5°) de donner son avis sur le point de savoir si les préjudices constatés ont un rapport avec l'état initial de M. A, ou l'évolution prévisible de cet état ; le cas échéant, déterminer la part du préjudice présentant un lien de causalité direct, certain et exclusif avec les injections de vaccin, en excluant la part des séquelles à mettre en relation avec la pathologie initiale, son évolution ou toute autre cause extérieure ;

6°) de déterminer la date de consolidation de l'état physique de M. A, l'importance et la durée du déficit fonctionnel temporaire, des souffrances endurées, du préjudice esthétique temporaire, du déficit fonctionnel permanent, du préjudice esthétique permanent ou de tout autre préjudice extrapatrimonial dont celui-ci ferait état ; dire si l'état de M. A est susceptible de modification en aggravation ou en amélioration ; dans l'affirmative fournir toutes précisions utiles sur cette évolution ;

7°) à défaut de consolidation indiquer le délai dans lequel M. A devra être réexaminé en fonction de l'évolution prévisible de son état de santé et préciser, lorsque cela est possible, les dommages prévisibles pour l'évaluation d'une éventuelle provision ;

8°) de préciser le montant des dépenses de santé et des frais divers supportés jusqu'à la date de consolidation et évaluer la nature et le montant des dépenses de santé futures, le cas échéant, indiquer quels seront les besoins d'adaptation du logement et du véhicule de M. A, dire dans quelle mesure il aura besoin de l'assistance d'une tierce personne ;

9°) de préciser la nature et évaluer l'importance de tout autre préjudice patrimonial ou extrapatrimonial dont la requérante ferait état ; donner toute précision utile permettant au tribunal d'apprécier une éventuelle incidence professionnelle du dommage ; et dire notamment s'il est dans l'impossibilité de se livrer à des activités spécifiques de sports, loisirs ;

10°) d'évaluer chacun de ces préjudices même en l'absence de lien de causalité avec la vaccination ; pour chacun d'entre eux, distinguer la part imputable à la vaccination de celle ayant pour origine toute autre cause ou pathologie, eu égard, notamment aux antécédents médicaux de l'intéressée ;

11°) de distinguer dans les soins supportés par la caisse primaire d'assurance maladie ceux qui auraient incombé en tout état de cause à celle-ci en raison de l'état antérieur de M. A ou à toute autre cause, de ceux imputables aux injections de vaccin pratiquées en avril et juin 2021 ;

12°) de manière générale, donner toutes précisions et informations utiles permettant au tribunal de se prononcer sur les responsabilités et l'importance du préjudice, ainsi que toute information utile à la solution du litige.

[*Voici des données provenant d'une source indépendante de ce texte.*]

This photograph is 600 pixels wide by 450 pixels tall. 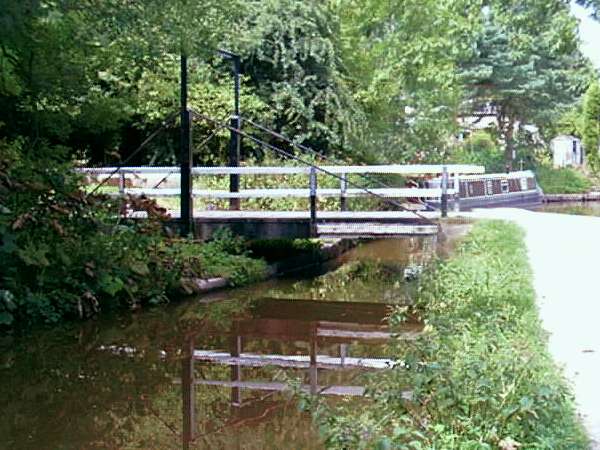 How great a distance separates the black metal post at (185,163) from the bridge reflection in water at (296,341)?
2.27 metres

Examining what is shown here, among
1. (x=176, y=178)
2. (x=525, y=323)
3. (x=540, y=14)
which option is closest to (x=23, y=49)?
(x=540, y=14)

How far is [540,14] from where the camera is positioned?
745 centimetres

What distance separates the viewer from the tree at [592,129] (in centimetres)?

Article 2 : L'expert accomplira sa mission dans les conditions prévues aux articles R. 621-2 à R. 621-14 du code de justice administrative. Il ne pourra recourir à un sapiteur sans l'autorisation préalable du président du tribunal administratif.

Article 3 : Préalablement à toute opération, l'expert prêtera serment dans les formes prévues à l'article R. 621-3 du code de justice administrative.

Article 4 : L'expertise aura lieu en présence de M. A, de l'Office national d'indemnisation des accidents médicaux et de la caisse primaire d'assurance maladie de la Gironde.

Article 5 : L'expert déposera son rapport au greffe sous forme électronique par le biais de la plateforme d'échanges dans le délai de sept mois à compter de la notification de la présente ordonnance, accompagné de l'état de ses vacations, frais et débours.

Article 6 : L'expert notifiera son rapport aux parties dans les conditions prévues à l'article R. 621-9 du code de justice administrative. Avec leur accord, cette notification pourra s'opérer sous forme électronique.

Article 7 : Le surplus des conclusions des parties est rejeté.

Article 8 : La présente ordonnance sera notifiée à M. B A, à l'Office national d'indemnisation des accidents médicaux, à la caisse primaire d'assurance maladie de la Gironde et au docteur D C, expert.

Fait à Bordeaux, le 4 octobre 2023.

La présidente,

Cécile MARILLER

La République mande et ordonne au ministre de la santé et de la prévention en ce qui le concerne et à tous les commissaires de justice à ce requis en ce qui concerne les voies de droit commun, contre les parties privées, de pourvoir à l'exécution de la présente décision.